Hi Jirka,

that's correct.

For FGT models with dedicated mgmt ports you can easily monitor both nodes seperated. This way you can see if an interface is up/down. But not every location/every FGT model has a dedicated mgmt port. If you simple go onto the CLI and trigger 'get system ha status' you get such a detailed info about the ha status. This info should be able to request over SNMP. At least in my opinion. For now I don't see a way.

Kind regards,

Dominik

Hi Dominik,

I understand. Now I have tried to create a template for HA monitoring for our PRTG on HA cluster 2x 60D without mngmt port and it works.

Take a look at the screenshots to see if this would suit you: Download here: https://1drv.ms/u/s!Av_M3...DYzkwvyBR93hl?e=lpZLkG Just copy it to the folder: c: \ Program Files (x86) \ PRTG Network Monitor \ snmplibs \ and perform "Load Lookups and File Lists" in the Administration

EDIT: Of course, it is also possible to adjust the units for individual channels :)

Jirka

Hi Jirka,

well, thanks. But I know that the HA mib works for small and big clusters. But especially for small clusters (for example a 60D cluster) you don't have the possibility to monitor the link state of the HA monitored interfaces. That isn't covered by the HA mib. And that's the problem.

At big cluster you simply monitor each node. That way you get the link state of each interface.

Kind regards,

Dominik

Dominik, but that's not true. As for the link-monitor only (up / down), this function is already implemented in the PRTG. In the settings of the sensor for SNMP traffic monitoring (or HA interface), it is enough to enable notification when the interface status changes - see. screenshot

Jirka

If I understand Dominik correctly, he wants to monitor physical interfaces on his slave unit.

Not just the HA-Port connecting both units.

All I can think of is using this method:

https://kb.fortinet.com/kb/viewContent.do?externalId=13077

If your SNMP community name is 'public' and the slave unit has the Serial 'FGT4HD1234500000'. The new community name becomes 'public-FGT4HD1234500000'.

In PRTG you would have to create a seperate device for this.

Because I it looks like, you can't set a SNMP community for an individual sensor, only per device.

Hi localhost,

you're right. I wand to monitor the state of the physical interfaces on the slave unit.

On a cluster with a dedicated mgmt interface it's easy because I can query both units. But on a cluster without dedicated mgmt interfaces I have to rely on the information getting out from my SNMP ha status query. The SNMP OID doesn't communicate the status of the physikal interfaces of the slave. The command 'get system ha status' does so. Because of that we're currently using a ssh shell script. But that's very unperformant.

Back to your answer: if I understood the KB right you can query every SNMP command to the slave if you attach the SN of the corresponding unit after the SNMP community and the FGT will redirect the SNMP get over the HA link to the slave unit!?

If I am right: is this a good solution?
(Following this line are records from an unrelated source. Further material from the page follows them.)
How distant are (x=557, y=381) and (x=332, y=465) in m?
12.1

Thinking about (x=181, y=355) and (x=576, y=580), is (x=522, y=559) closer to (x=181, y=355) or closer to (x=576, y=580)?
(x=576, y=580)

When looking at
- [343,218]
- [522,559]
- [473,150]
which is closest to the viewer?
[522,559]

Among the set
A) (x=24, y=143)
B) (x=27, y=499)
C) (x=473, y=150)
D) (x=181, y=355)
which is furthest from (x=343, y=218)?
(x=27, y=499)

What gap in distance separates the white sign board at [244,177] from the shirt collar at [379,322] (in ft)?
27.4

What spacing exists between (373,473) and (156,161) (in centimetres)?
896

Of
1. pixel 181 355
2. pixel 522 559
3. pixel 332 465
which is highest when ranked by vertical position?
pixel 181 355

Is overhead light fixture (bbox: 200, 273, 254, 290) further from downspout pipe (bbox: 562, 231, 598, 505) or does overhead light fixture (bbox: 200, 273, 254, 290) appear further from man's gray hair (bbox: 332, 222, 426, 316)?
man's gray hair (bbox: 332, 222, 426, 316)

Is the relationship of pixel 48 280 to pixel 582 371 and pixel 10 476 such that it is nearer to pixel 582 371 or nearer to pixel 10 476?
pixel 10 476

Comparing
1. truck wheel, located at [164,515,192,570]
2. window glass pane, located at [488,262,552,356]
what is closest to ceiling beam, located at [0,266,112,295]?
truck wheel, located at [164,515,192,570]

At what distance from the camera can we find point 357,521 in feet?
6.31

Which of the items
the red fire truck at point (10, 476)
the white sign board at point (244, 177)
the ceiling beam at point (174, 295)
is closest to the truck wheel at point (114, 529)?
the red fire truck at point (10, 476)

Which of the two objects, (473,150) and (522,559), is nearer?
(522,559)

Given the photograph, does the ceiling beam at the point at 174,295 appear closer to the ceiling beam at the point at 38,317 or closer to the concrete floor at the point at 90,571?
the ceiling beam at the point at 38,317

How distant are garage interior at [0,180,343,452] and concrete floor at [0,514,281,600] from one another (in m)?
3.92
Do you or anyone else have any experience with that?

Update: Just tested it. Doesn't work anymore. Tryed it with FGTs on 6.2.x and FGTs on 6.4.x. Furthermore it wouldn't be a solution for devices with SNMPv3. :\

Kind regards,

Dominik

Yes correct. This method is very similar to the method Jirka described. But instead of quering SNMP directly on the slave unit, the master unit forwards the snmp query to the slave unit.

I just tried with 6.2 and also running into issues. While on 6.0 it's working.
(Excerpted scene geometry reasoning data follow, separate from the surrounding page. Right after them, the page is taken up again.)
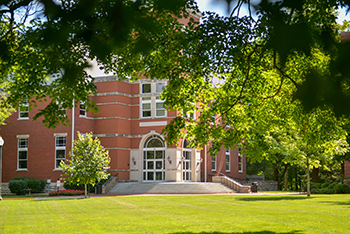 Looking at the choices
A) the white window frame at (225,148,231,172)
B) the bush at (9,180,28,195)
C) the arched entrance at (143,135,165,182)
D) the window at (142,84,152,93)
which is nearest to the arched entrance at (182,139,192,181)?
the arched entrance at (143,135,165,182)

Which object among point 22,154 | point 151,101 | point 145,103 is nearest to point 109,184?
point 145,103

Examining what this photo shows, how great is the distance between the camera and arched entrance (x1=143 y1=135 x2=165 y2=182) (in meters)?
38.9

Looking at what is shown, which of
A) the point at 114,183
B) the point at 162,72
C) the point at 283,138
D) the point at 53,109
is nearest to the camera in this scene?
the point at 53,109

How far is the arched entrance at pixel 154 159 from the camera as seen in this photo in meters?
38.9

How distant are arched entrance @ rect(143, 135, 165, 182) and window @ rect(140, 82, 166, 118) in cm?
206

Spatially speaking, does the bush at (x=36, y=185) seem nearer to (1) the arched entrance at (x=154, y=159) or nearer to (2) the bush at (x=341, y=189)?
(1) the arched entrance at (x=154, y=159)

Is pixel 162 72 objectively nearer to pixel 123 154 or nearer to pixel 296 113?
pixel 296 113

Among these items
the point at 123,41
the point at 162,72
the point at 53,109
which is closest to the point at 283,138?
the point at 162,72

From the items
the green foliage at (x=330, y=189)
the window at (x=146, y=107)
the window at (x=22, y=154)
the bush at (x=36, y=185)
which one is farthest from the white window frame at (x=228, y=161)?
the window at (x=22, y=154)

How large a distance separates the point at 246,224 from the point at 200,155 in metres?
29.3

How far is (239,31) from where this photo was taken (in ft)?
38.2

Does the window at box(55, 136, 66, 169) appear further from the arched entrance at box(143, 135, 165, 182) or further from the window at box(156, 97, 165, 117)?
the window at box(156, 97, 165, 117)

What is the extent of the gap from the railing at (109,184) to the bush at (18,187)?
5.98 meters

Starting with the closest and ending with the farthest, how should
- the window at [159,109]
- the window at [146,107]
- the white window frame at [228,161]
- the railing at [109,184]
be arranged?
1. the railing at [109,184]
2. the window at [159,109]
3. the window at [146,107]
4. the white window frame at [228,161] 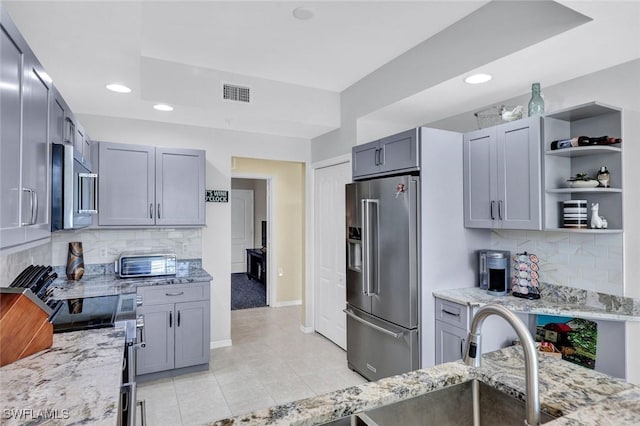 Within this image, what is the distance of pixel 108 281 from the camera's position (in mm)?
3293

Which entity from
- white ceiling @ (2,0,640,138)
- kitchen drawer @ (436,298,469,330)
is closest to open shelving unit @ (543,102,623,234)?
white ceiling @ (2,0,640,138)

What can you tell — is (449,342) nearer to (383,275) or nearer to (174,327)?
(383,275)

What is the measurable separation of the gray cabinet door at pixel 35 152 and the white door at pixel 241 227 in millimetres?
A: 6895

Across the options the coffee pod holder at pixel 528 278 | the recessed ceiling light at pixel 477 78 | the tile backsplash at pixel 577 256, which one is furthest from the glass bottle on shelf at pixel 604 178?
the recessed ceiling light at pixel 477 78

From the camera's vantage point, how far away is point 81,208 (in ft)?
7.02

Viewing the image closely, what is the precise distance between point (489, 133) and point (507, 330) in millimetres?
1517

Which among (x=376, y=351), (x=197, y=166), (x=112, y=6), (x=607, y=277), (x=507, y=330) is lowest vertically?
(x=376, y=351)

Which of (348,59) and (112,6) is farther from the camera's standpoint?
(348,59)

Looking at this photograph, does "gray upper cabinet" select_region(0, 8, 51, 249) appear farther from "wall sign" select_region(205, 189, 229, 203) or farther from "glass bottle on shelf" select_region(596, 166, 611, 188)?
"glass bottle on shelf" select_region(596, 166, 611, 188)

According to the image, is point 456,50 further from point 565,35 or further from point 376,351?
point 376,351

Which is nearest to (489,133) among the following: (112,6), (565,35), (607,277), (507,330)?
(565,35)

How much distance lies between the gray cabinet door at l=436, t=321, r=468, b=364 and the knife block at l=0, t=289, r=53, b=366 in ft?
8.13

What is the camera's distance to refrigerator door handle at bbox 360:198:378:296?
10.1 feet

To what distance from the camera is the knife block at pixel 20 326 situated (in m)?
1.40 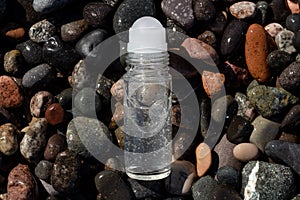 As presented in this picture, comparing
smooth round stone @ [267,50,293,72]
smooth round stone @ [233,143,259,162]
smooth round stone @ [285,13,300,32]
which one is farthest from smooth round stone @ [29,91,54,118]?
smooth round stone @ [285,13,300,32]

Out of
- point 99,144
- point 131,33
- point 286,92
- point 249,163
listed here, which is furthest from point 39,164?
point 286,92

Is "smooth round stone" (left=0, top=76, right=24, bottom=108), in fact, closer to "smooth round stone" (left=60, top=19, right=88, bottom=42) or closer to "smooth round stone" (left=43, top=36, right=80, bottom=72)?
"smooth round stone" (left=43, top=36, right=80, bottom=72)

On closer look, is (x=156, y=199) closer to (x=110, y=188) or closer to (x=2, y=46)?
(x=110, y=188)

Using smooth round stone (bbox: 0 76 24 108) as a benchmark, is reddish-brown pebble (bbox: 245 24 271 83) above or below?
above

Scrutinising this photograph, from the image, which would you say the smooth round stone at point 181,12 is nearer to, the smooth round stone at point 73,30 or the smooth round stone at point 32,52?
the smooth round stone at point 73,30

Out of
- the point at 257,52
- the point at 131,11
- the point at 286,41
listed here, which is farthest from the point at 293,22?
the point at 131,11

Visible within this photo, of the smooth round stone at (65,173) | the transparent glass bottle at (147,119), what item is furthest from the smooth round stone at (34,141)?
the transparent glass bottle at (147,119)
Interestingly - if I run a '#diagnose debug application snmpd -1' on 6.2, you can see that's it's still accepting and forwarding the SNMP query to the slave.

Master:

snmpd: <msg> 66 bytes 8.7.6.5:64217 -> 1.2.3.4/1.2.3.4:161 (itf 107.107)
snmpd: checking if community "TestCommunity-FG100FTK12345678" is valid
snmpd: checking against community "TestCommunity"
snmpd: request 1(root)/107/8.7.6.5 != comm 1/0/10.10.10.1/255.255.255.255
snmpd: request 1(root)/107/8.7.6.5 != comm 1/0/10.10.10.2/255.255.255.255
snmpd: request 1(root)/107/8.7.6.5 == comm 1/0/8.7.6.0/255.255.255.0
snmpd: HA claimed the community. "TestCommunity-FG100FTK12345678"
snmpd: </msg> 0

Slave:

snmpd: <msg> 65 bytes 1.2.3.4:64217-> 8.7.6.5/127.0.0.1:161 (itf 36.36)
snmpd: checking if community "TestCommunity-FG100FTK12345678" is valid
snmpd: loopback and HA means request from HA master, we trust the master. ACCEPT
snmpd: get     : system.3.0 -> () -> 0
snmpd: redirecting reply to HA master
snmpd: </msg> 0

So I guess, the feature is not totally removed, but somehow broken. Probably worth a support ticket @Fortinet.

And yep - would mean that you'd have to switch back to SNMPv2.

I don't know of any other options to monitor the slave ports, besides the two described in this post.